# Bad news for our haunt



## Vlad (Aug 2, 2005)

In it's infinite wisdom, our town has decided that this fall is the perfect time to make street improvements in our section of town. After only 60+ years, they've finally decided to put in street drains, and narrow, yes I said narrow our streets. They just sent us notice to remove everything off of the property within the towns right of way. We're assuming that this means our beautiful 6 1/2' hedge I've been nurturing for the last 16 years. >>>>>
http://terroronbeechwood.com/index.php?pr=20055
http://terroronbeechwood.com/index.php?pr=20057
This hedge has been the perfect way to keep eyes from peering at what they're about to encounter inside the yard, as well as a natural pedestrian barrier, and anti-theft fence.
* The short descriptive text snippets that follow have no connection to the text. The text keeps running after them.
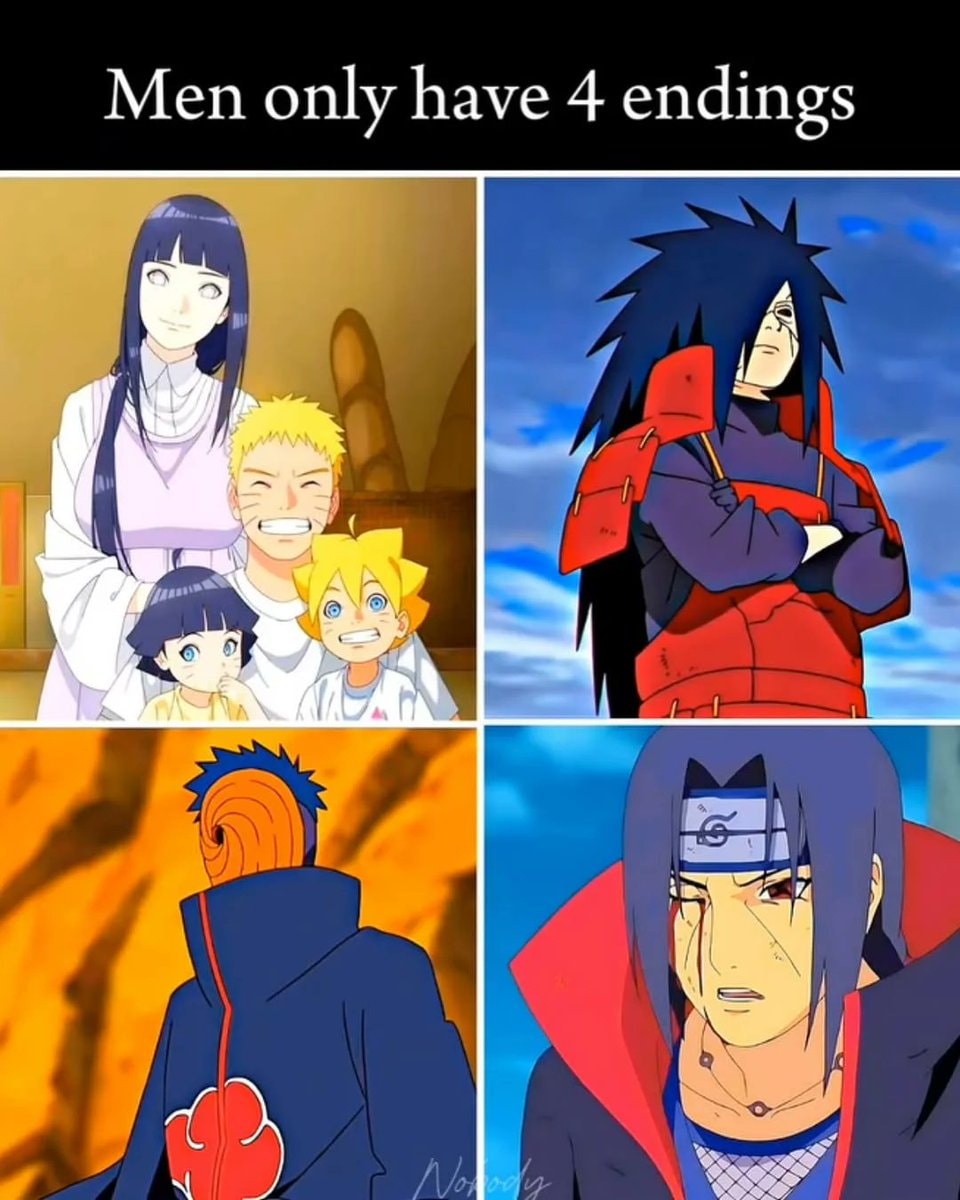 Naruto men only have 4 endings meme
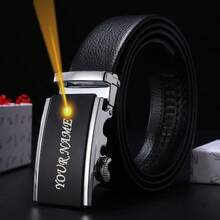 Men Automatic Buckle Belt Custom Engraved Name Logo PU Leather Waist Belts For Jeans Father's Day Personalized Gift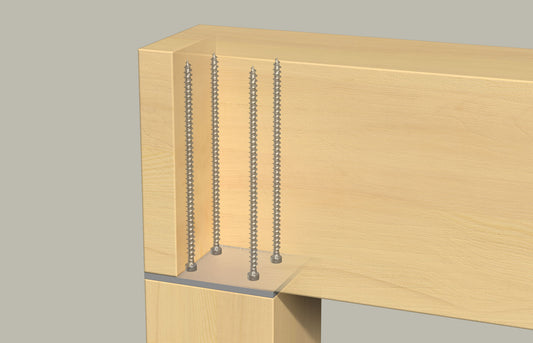 Holzbau mit fischer Vollgewindeschrauben PowerFull II CHTF BC – senkrechte Schraubverbindung durch Stahlblechlasche für sichere und kraftschlüssige Holzkonstruktionen.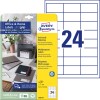 Opakowanie z arkuszem etykiet: Avery Zweckform etykiety, Home Office, Małe opakowanie, Produkt: 3658-10, Format: 64,6 x 33,8 mm, Nadaje się do drukowania: atramentowe, laser czarno-biały, kolorowy laser, Zawartość: 240 etykiet / 10 arkuszy, 24 etykiety/arkusz.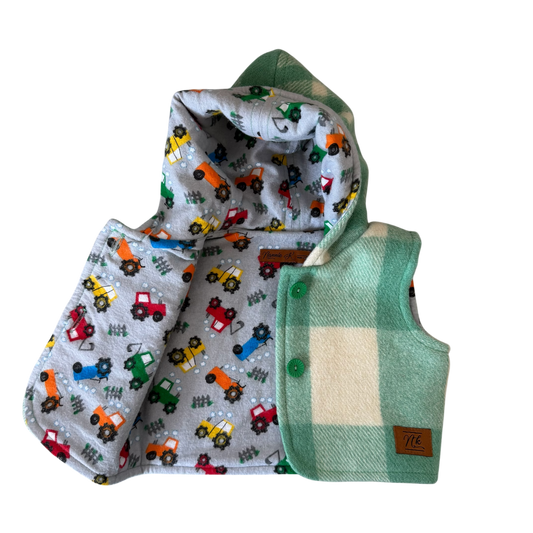 Woollen Baby Vest Green Check with Tractors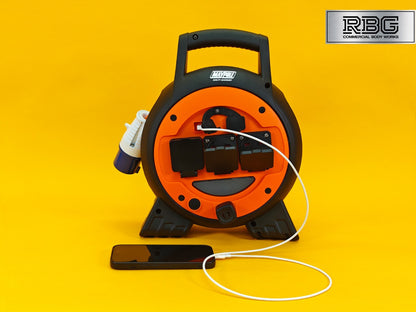 15m Roller Mobile Mains Power Unit 3 Way with LED Light Twin USB RCD Protected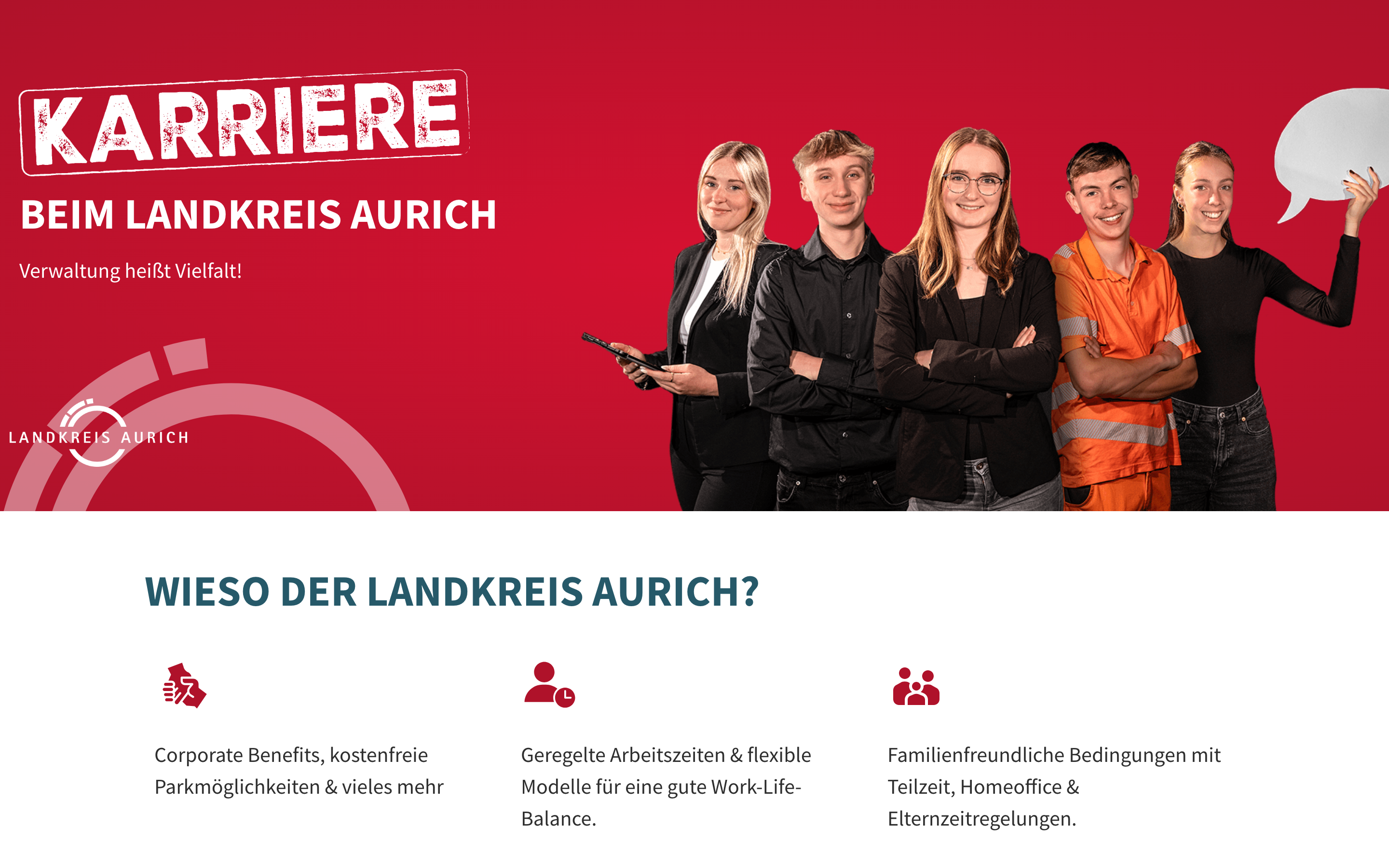 Live-Ansicht des Karriereportals landkreis.jetzt für den Landkreis Aurich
They're going to be here the end of Sept. no less, just when we need every moment to get the haunt going. I have no clue what this will mean for our haunt, the amount of redesign work alone is more than I can imagine.


----------



## Lilly (Jun 13, 2006)

Man that sucks big time. I dread when they even think of doing that here. Hopefully you can move the hedge somewhere so it can still grow. good luck


----------



## BobC (Aug 23, 2005)

Vlad this is the perfect time to make a bunch of Dead Construction Workers
for your Yard maybe they will get the hint..lol :jol: 
The problem I have every year is one damn street light in front of my house the rest on the block are all dim and I have a search light on my yard. Im getting ready to pay the telephone guy to go up there and smack the sensor with a hammer a few million times for me. Later all.:jol:


----------



## ScareFX (Aug 18, 2004)

Wow Vlad that is really unfortunate. It will be a real shame to lose that hedge. You should try to fight for it. Since they are narrowing the street, it might be possible to do the work without destroying the hedge. Talk to your town representative.

As for timing, my experience with local government is they never meet a schedule. So even if you lose the fight for your hedge, you might get lucky and have one more Halloween with it still there...we wish you and BC the best.


----------



## grapegrl (Jan 3, 2006)

Sorry to hear about that, Vlad. As a plant person, I totally understand that losing your hedge is going to be like losing an old friend--not to mention how functional it was. Hang in there...


----------



## Fangs (Jun 6, 2006)

That is just wrong Vlad! :< I hope that the construction doesnt start until after Halloween for you! Keeping my wings crossed for ya! :>


----------



## IshWitch (May 31, 2006)

Oh Vlad, that is just horrible!
I know how you feel about your hedge! Don't get me started with some stupid power line guys who lopped off a large branch from a decorative weeping tree I have in the front! The thing was hanging down, there was no way it could every grow up toward the lines!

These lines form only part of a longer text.